February 22-23, 2022

Countries around the world are transitioning their economies to reduce carbon emissions and slow the impact of the climate crisis. In Canada, the federal government is consulting on what should be included in its promised Just Transition Act. The science is clear — and Canadians know the need to transition to a cleaner economy is urgent.

To be successful, the transition must involve workers and communities who will be impacted. All levels of government need to engage with their citizens to ensure that environmental, social, and economic policies will support a more equitable future for all. Canadians need to be well-positioned to benefit from the opportunities that will arise as the world builds a low-carbon economy.

This virtual conference provided an opportunity to learn how other countries are implementing their just transition strategies and hear from community leaders, researchers, and advocates from Alberta and across Canada about the challenges and opportunities for various sectors on the vanguard of this transition. We welcomed all concerned Canadians who want to become engaged in the implementation of a just transition.

Watch the conference sessions on Parkland Institute's YouTube channel.

Conference Panels

Creating a People-Centred Clean Energy Future

The opening session of the conference set the stage for what Canadians need to do to lead the transition to a clean energy future. The panel of speakers explored how all levels of government must engage with impacted communities and workers as they implement policies that will respond to the climate crisis. From large cities to small Indigenous communities, it is time for real action to make the shift to a people-centred clean energy economy.

Featured panelists

Catherine Abreu is an internationally recognized, award-winning campaigner whose work centres on building powerful coalitions to advance action on climate change. One of the world’s 100 most influential people in climate policy as named by Apolitical in 2019, she has over 15 years of experience campaigning on environmental issues, including seven years in the heart of the climate movement.

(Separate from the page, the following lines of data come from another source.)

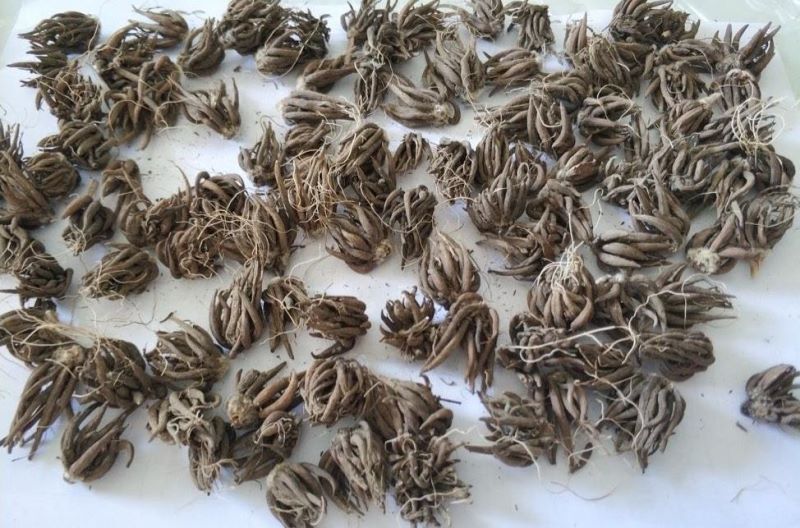 花毛茛好养吗「花毛茛好养吗-」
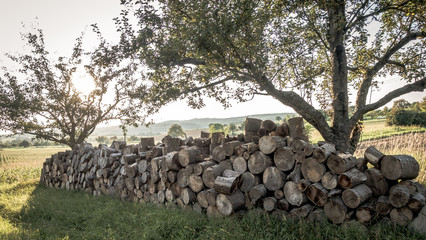 Brennholzlager © focus finder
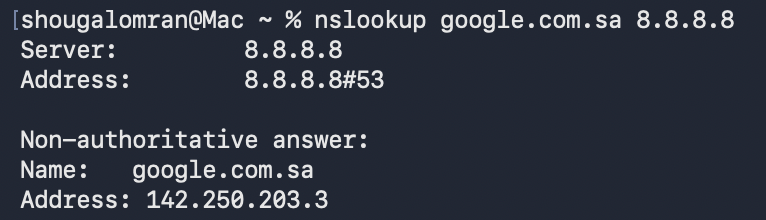 nslookup google.com.sa 8.8.8.8 answered 142.250.203.3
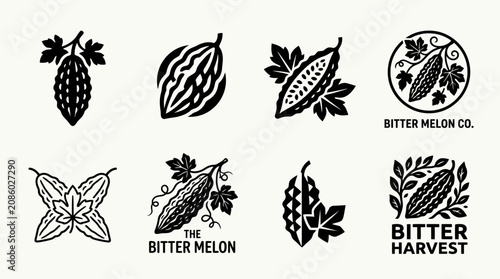 Bitter melon plant botanical illustration vector icon set.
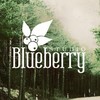 Blueberry studio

Jyoti Gondek was sworn in as Calgary's 37th mayor and the first woman to be elected to this role on October 25, 2021. Throughout her career, Mayor Gondek has taken a big-picture approach to pressing challenges. Many challenges face Calgarians including the economic recovery, climate crisis, lack of affordable housing, truth and reconciliation, and women’s participation in the labour force. Mayor Gondek believes that solutions to these issues must be bold and rooted in economic, social, and environmental resilience.

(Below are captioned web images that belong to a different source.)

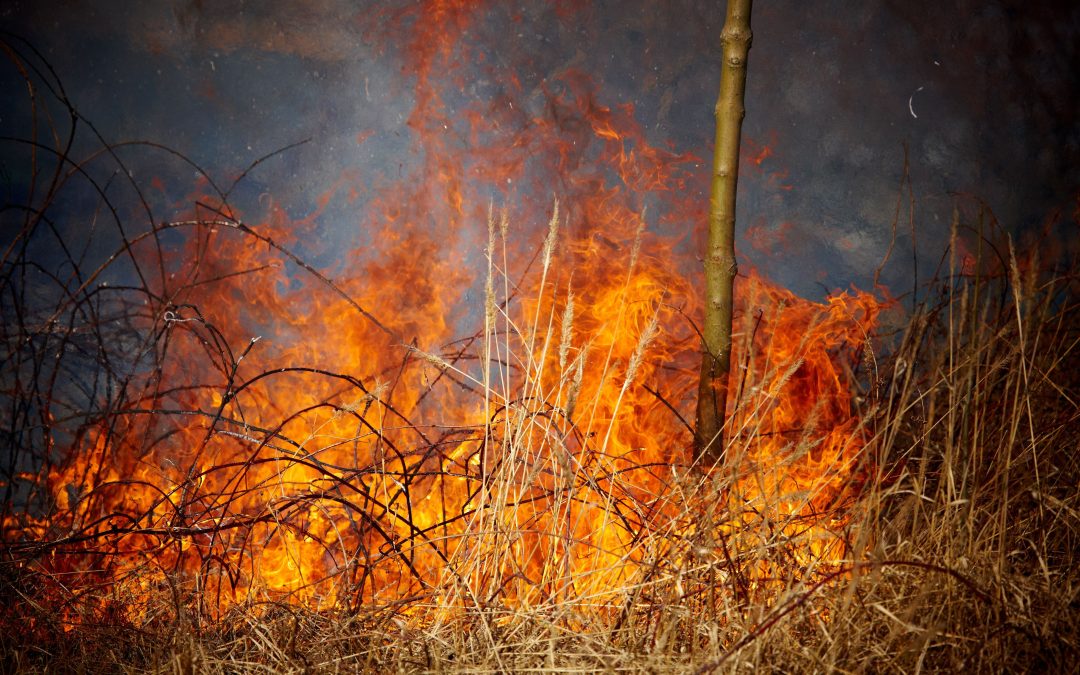 Rising from the Ashes: Navigating Fire Damage Repair in Council Bluffs, IA.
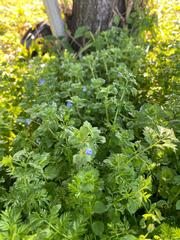 Veronica persica
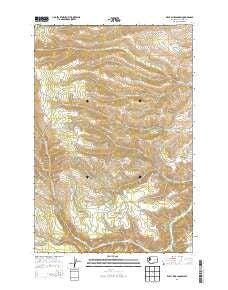 Willy Dick Canyon Washington Current topographic map, 1:24000 scale, 7.5 X 7.5 Minute, Year 2014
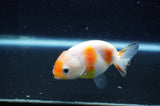 Baby Ranchu  Sakura 3 Inch (ID#415R9c-28) Free2Day SHIPPING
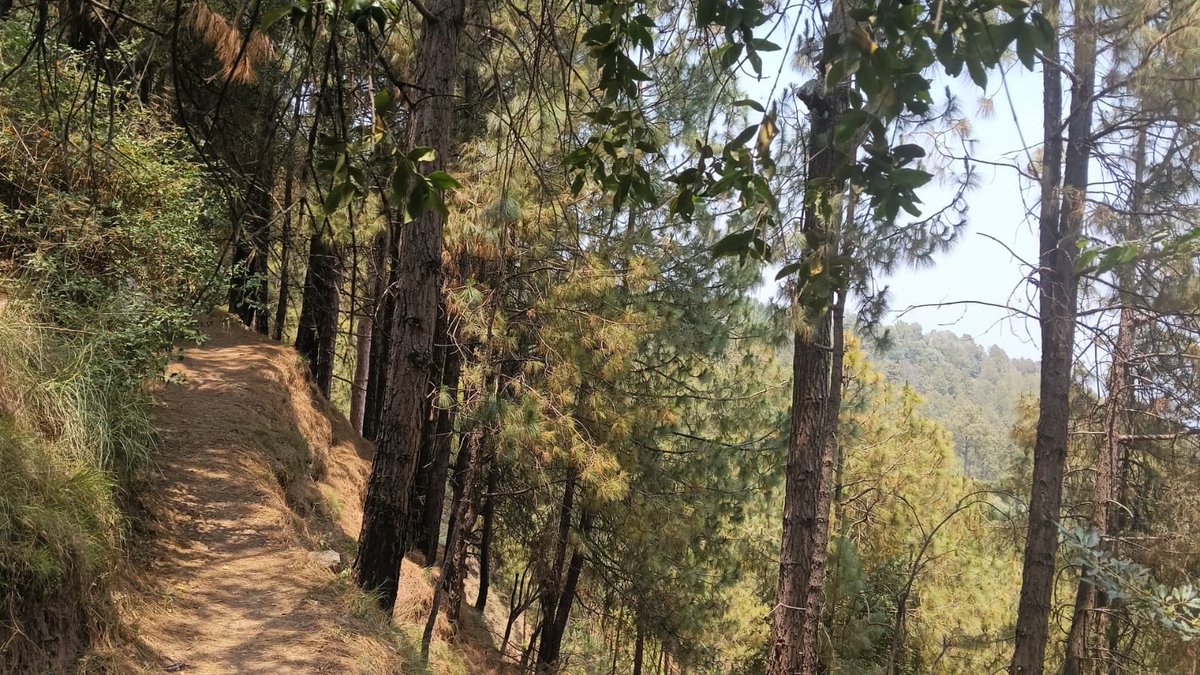 ilubnashah's tweet photo. The natural beauty✨🌻

Greenery, Trees, Sky and this lovely view🍀

Who loves to visit these places? https://t.co/mBltvGMjs7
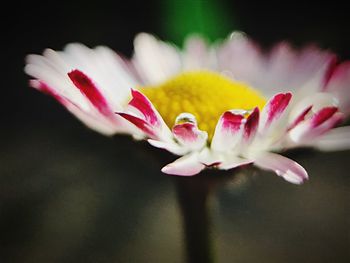 Close-up of pink flowers blooming outdoors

Gil McGowan is the president of the Alberta Federation of Labour (AFL), Alberta’s largest union advocacy organization, which represents more than 175,000 workers in the public and private sectors. Gil has been instrumental in putting many important issues forward for public discussion in Alberta. He has led public discussion and policy changes on resource development, climate change and green jobs, reform of the temporary foreign worker program, a $15 minimum wage, pension reform, and reforms to the labour code, employment standards, occupational health and safety, and WCB legislation.


Jason Foster is the director of Parkland Institute at the University of Alberta and an associate professor of Human Resources and Labour Relations at Athabasca University. Before becoming an academic, he worked as a policy analyst for non-profit organizations and spent more than a decade as the director of policy analysis of the Alberta Federation of Labour. Jason is the author of Defying Expectations: The Case of UFCW Local 401 and co-author of Health and Safety in Canadian Workplaces.

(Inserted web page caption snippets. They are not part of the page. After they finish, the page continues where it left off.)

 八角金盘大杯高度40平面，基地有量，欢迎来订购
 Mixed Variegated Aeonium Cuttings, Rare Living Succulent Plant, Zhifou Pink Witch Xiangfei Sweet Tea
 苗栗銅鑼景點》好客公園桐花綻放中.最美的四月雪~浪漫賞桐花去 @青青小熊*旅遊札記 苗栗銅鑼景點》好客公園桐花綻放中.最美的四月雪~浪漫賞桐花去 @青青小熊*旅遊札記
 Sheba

Leading Global Practices for Just Transition

Governments around the world are moving forward with the development of policy and actions for just transitions of their economies. In this session, participants learned how other countries are dealing with this process — the challenges they’ve experienced, the solutions they’ve encountered, what worked best. Our distinguished panel of international experts shared their knowledge and experience leading national and international commissions that put people at the centre of climate, social, and economic policy development.

Featured panelists

Jim Skea is professor of sustainable energy at Imperial College London, with research interests in energy, climate change, and technological innovation. His current main role is as co-chair of IPCC Working Group III for the 6th assessment cycle. He was research director of the UK Energy Research Centre (2004-12) and director of the Policy Studies Institute (1998-2004). He has operated at the interface between research, policy-making, and business throughout his career. He was a member of the UK Committee on Climate Change from its inception in 2008 until 2018, and is currently the chair of Scotland’s Just Transition Commission.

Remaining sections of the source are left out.